A Usina Hidrelétrica de Balbina está localizada no rio Uatumã, que faz parte da

bacia Amazônica no Município de Presidente Figueiredo Amazonas, a uma distância de 187

km de Manaus. Sua construção tem sido muito criticada, e continua sendo até os dias atuais

como um grande projeto inviável no que se refere à baixa produção e ao aproveitamento da

energia elétrica. Isso comparado aos altos investimentos feitos e a grande área que foi

inundada, trazendo grandes prejuízos tanto de caráter humano, quanto ecológicos,

praticamente, irreversíveis.

A política praticada e defendida pelo programa Waimiri-Atroari em conjunto com

a FUNAI e a Eletronorte, evidencia uma ação autoritária sobre os índios, haja vista que foi a

grande responsável pelo deslocamento compulsório e a quase extinção da etnia. De acordo

com o pesquisador e antropólogo da Universidade de Brasília Stephen G. Baines (1994) a

obra atendeu, em primeiro lugar, aos interesses das grandes empresas construtoras e tem como

seu principal objetivo gerar lucro. Já para o Antropólogo Norte Americano Shelton Davis

(1978), os impactos devastadores dos projetos de desenvolvimento sobre os povos

campesinos e tribais, que em muitos casos provocam deslocamentos forçosos e a

desarticulação de seus sistemas de organização social, e são em grande parte responsáveis

pelos grandes prejuízos causados aos indígenas.

A pesquisa também tem a preocupação de investigar o processo de resistência da

referida etnia em detrimento das ações de ocupação do seu território, através do estudo dos

seus costumes, práticas, tradições e representações, mostrando segundo David Marshall

Sahlins (1997), que a cultura não é um objeto em via de extinção.

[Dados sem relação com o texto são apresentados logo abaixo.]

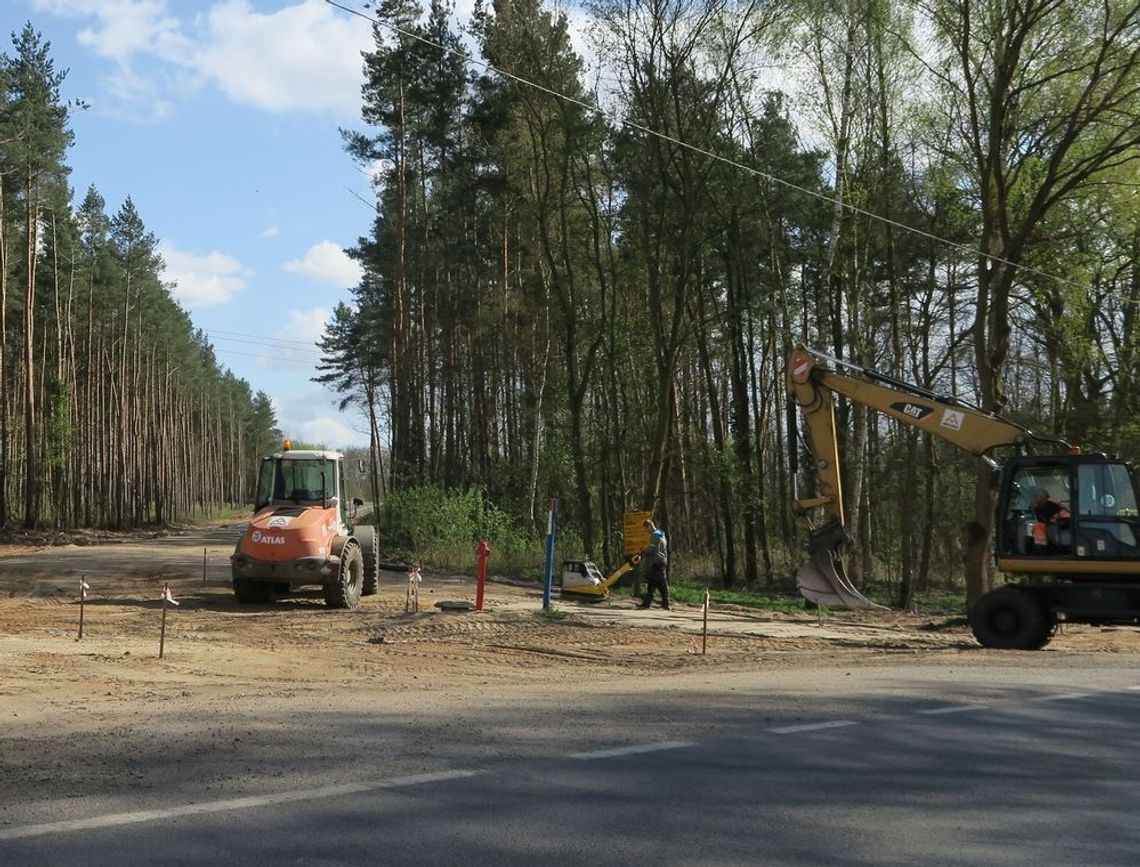 Rolnicy nie mogą dojechać do pól nową drogą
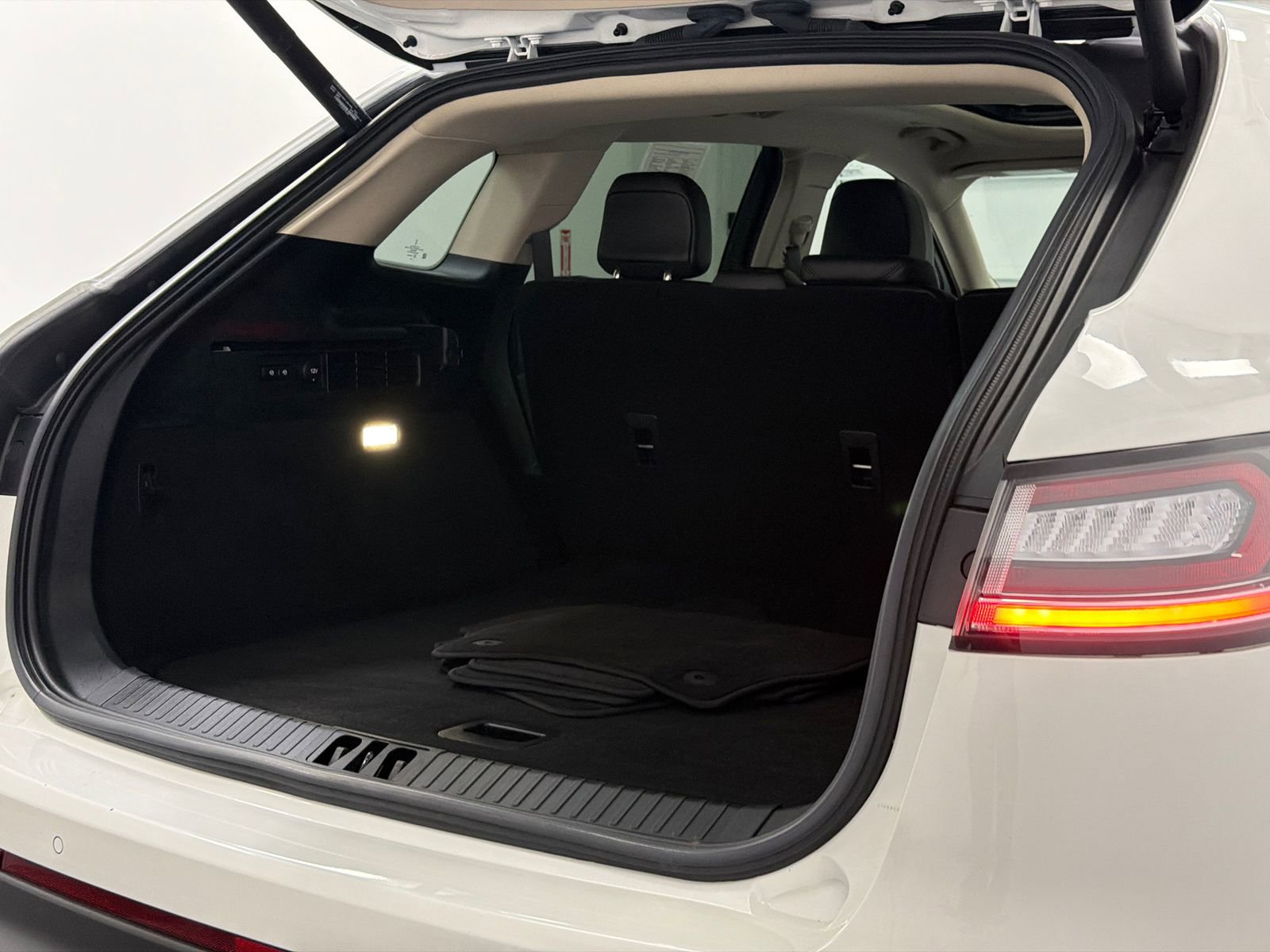 Used 2022 Lincoln Nautilus Reserve FWD image 8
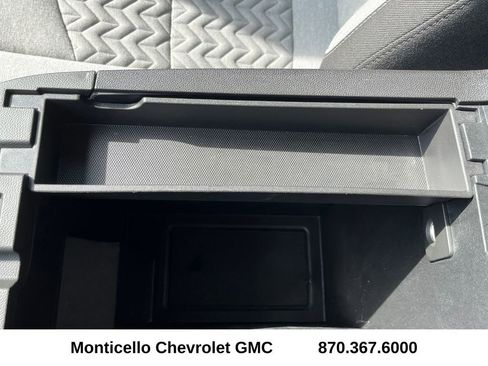 Used 2022 Chevrolet Equinox LS FWD image 23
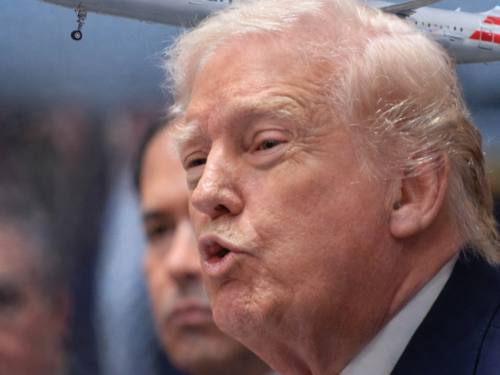 Trump ordena reabrir el espacio aéreo de Venezuela y retomar vuelos comerciales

Em 1979 a Eletronorte iniciou a construção da Usina Hidrelétrica de Balbina, cujo

lago implicou no represamento do rio Uatumã, inundando cerca de 30 mil hectares da área da

Reserva Indígena Waimiri-Atroari, a obra em si foi inaugurada a partir de 1988, porém ainda

de forma parcial, com uma produção de cerca de 250 KW, que não supre nem em 50% a

necessidade e a demanda de energia da cidade de Manaus.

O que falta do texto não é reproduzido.